(INPUT MATERIAL)
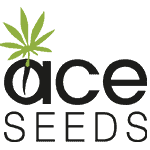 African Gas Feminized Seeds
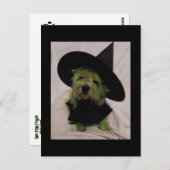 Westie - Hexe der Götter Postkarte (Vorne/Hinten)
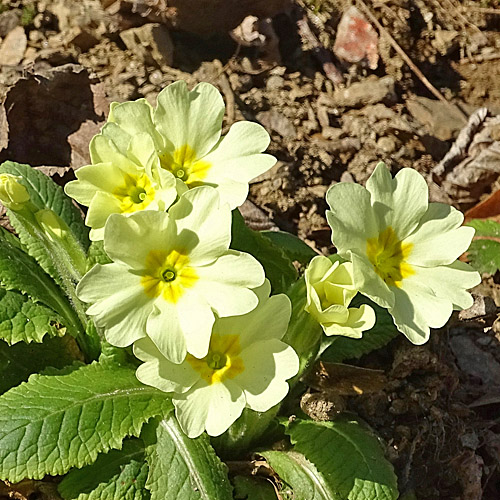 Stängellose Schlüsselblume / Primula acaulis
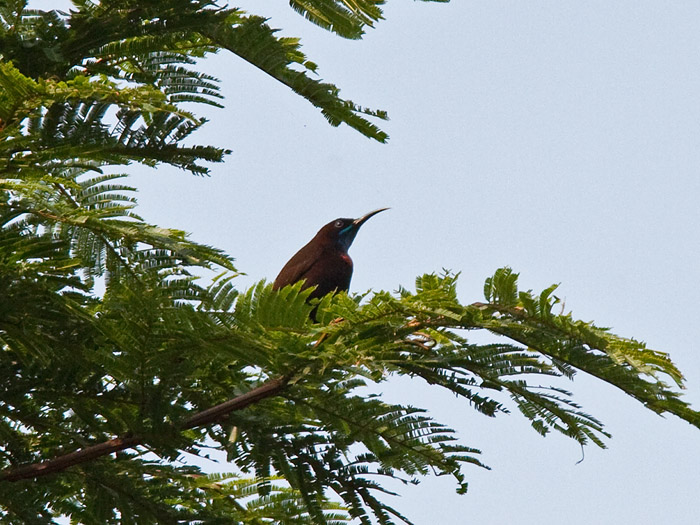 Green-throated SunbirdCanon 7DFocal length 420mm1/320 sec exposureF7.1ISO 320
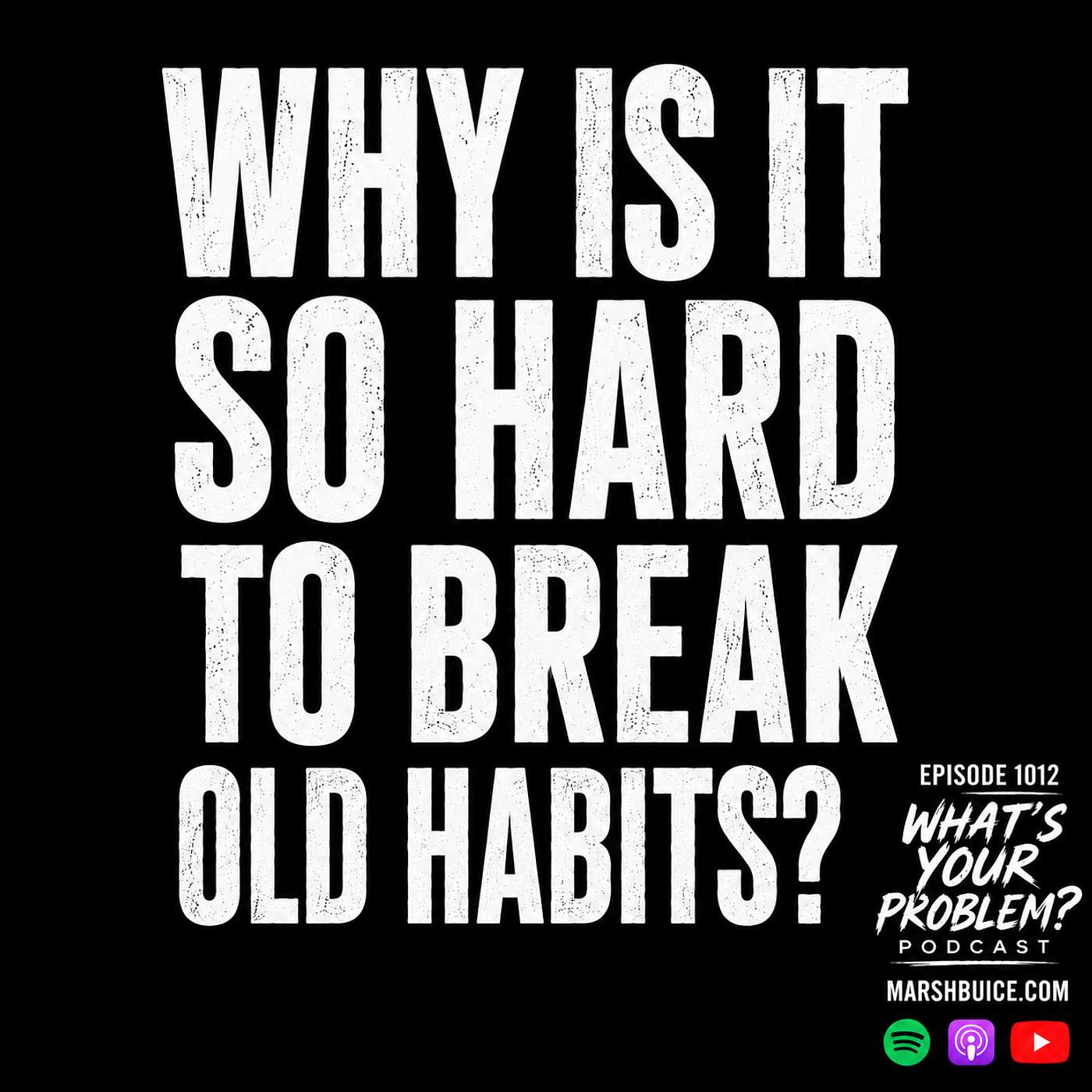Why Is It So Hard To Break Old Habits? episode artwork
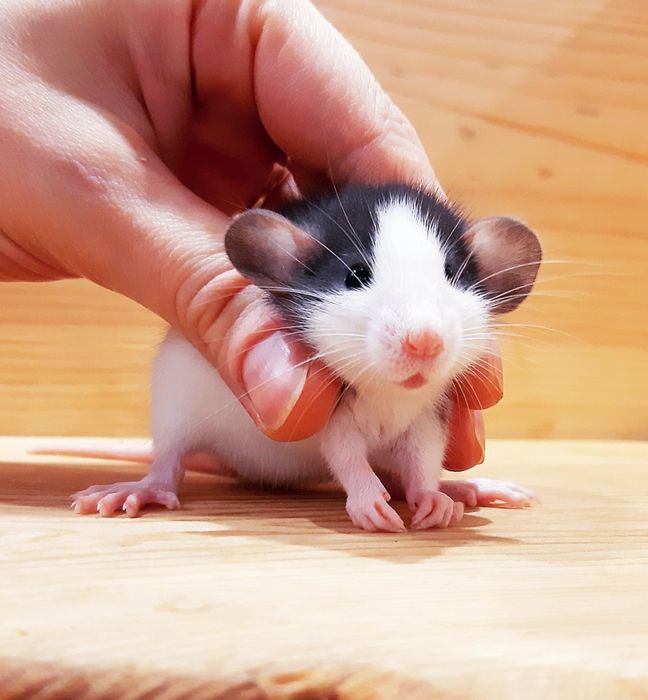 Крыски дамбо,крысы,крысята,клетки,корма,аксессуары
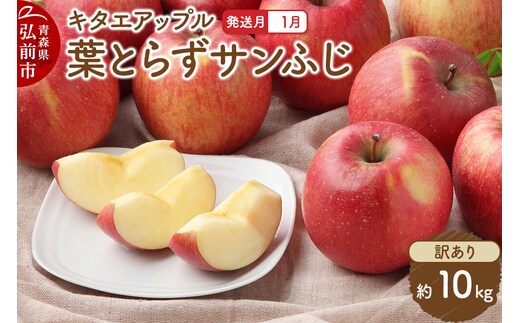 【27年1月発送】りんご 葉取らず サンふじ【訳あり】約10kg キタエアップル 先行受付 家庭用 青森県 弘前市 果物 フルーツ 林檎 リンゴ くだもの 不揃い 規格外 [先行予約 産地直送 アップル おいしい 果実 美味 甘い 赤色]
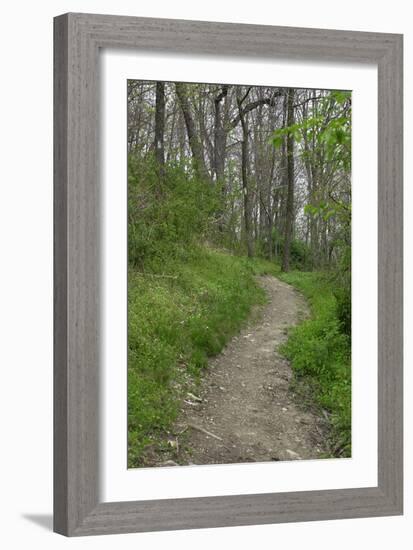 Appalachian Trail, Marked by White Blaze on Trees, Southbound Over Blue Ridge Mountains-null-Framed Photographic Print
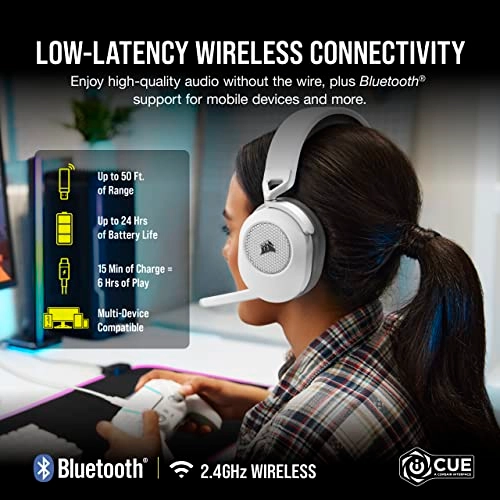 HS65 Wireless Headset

==

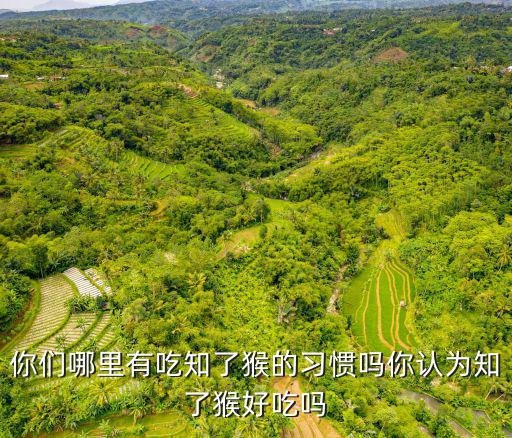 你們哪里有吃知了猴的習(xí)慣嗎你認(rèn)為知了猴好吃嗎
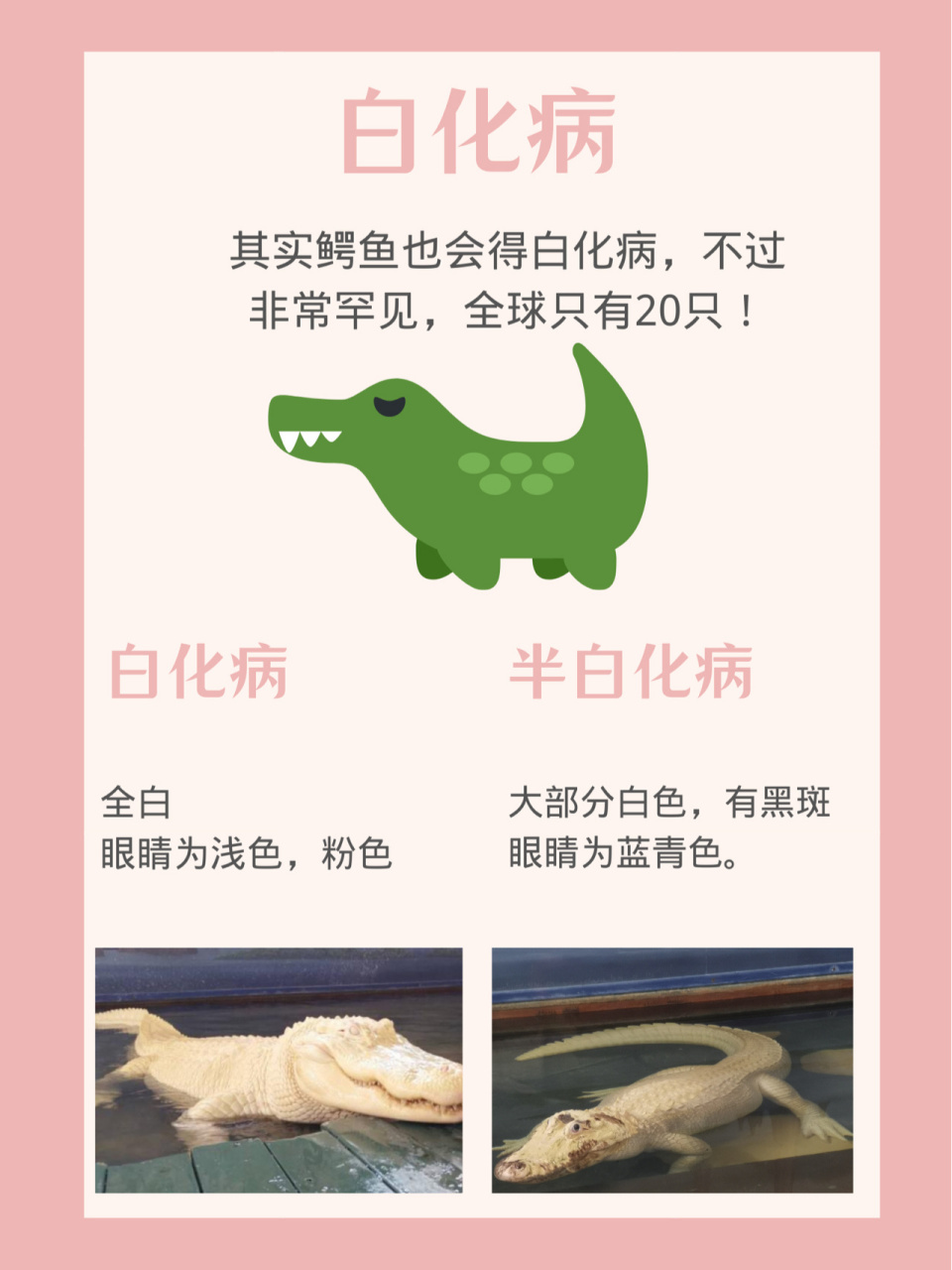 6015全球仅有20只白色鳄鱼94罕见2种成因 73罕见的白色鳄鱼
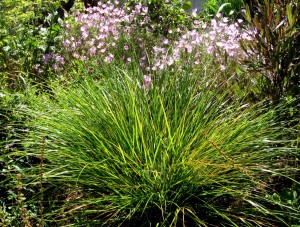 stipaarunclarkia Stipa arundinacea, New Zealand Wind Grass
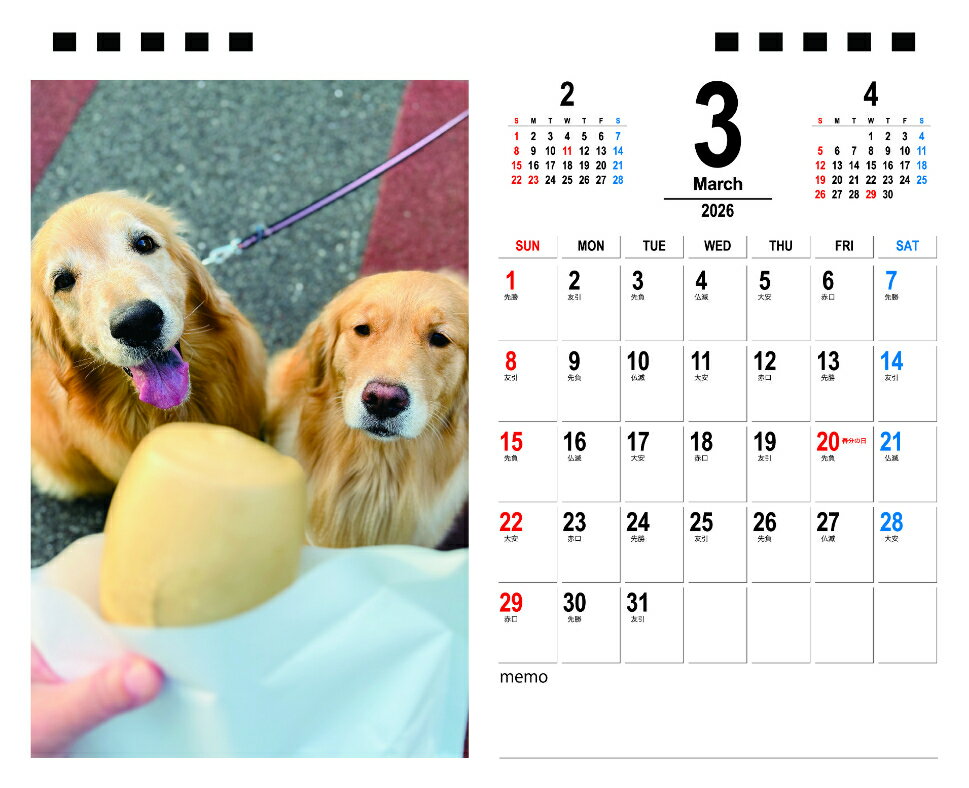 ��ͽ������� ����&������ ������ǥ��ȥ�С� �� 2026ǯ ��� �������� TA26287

* * *

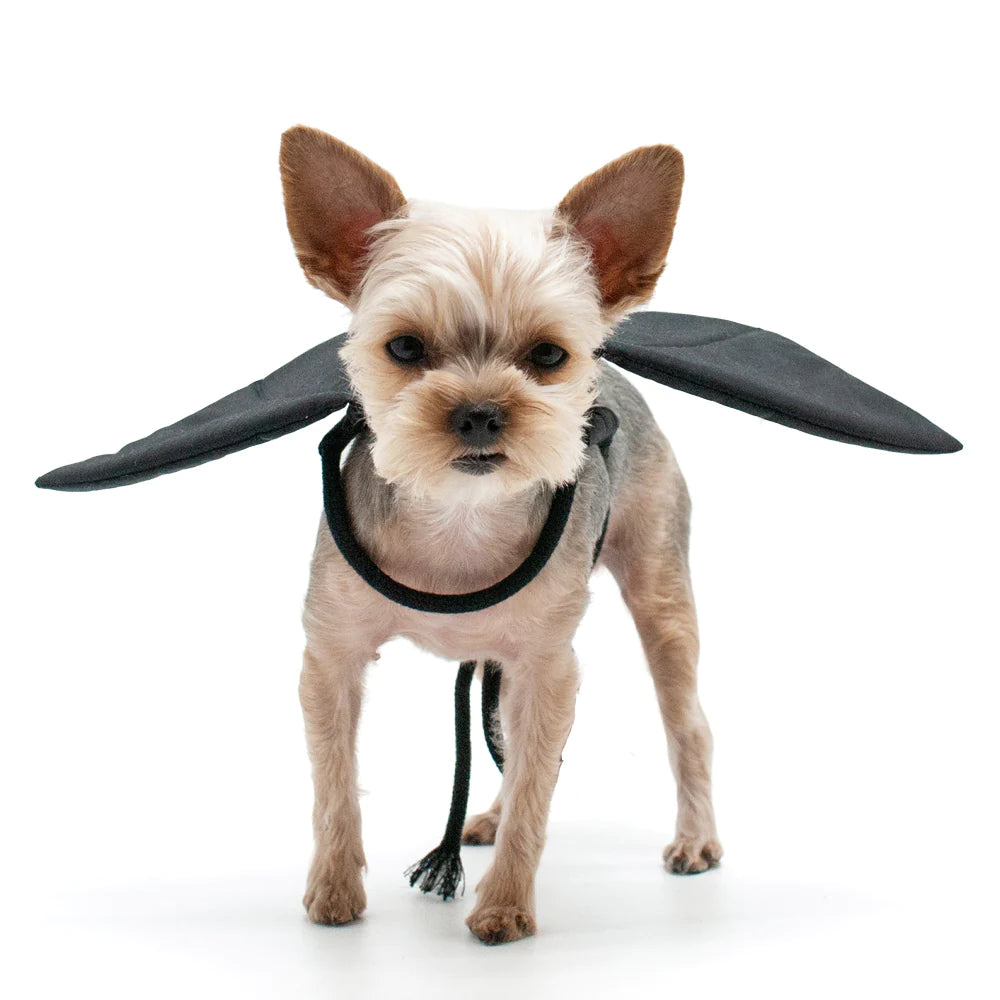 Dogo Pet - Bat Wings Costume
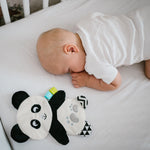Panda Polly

(DIRECTIONS FOR THIS TASK) Reproduce the data above exactly, but only from the line containing "你們哪里有吃知了猴的習(xí)慣嗎你認(rèn)為知了猴好吃嗎" through the line containing "2026ǯ ��� �������� TA26287"; skip the pictures.

(REPLY)
 你們哪里有吃知了猴的習(xí)慣嗎你認(rèn)為知了猴好吃嗎
 6015全球仅有20只白色鳄鱼94罕见2种成因 73罕见的白色鳄鱼
 stipaarunclarkia Stipa arundinacea, New Zealand Wind Grass
 ��ͽ������� ����&������ ������ǥ��ȥ�С� �� 2026ǯ ��� �������� TA26287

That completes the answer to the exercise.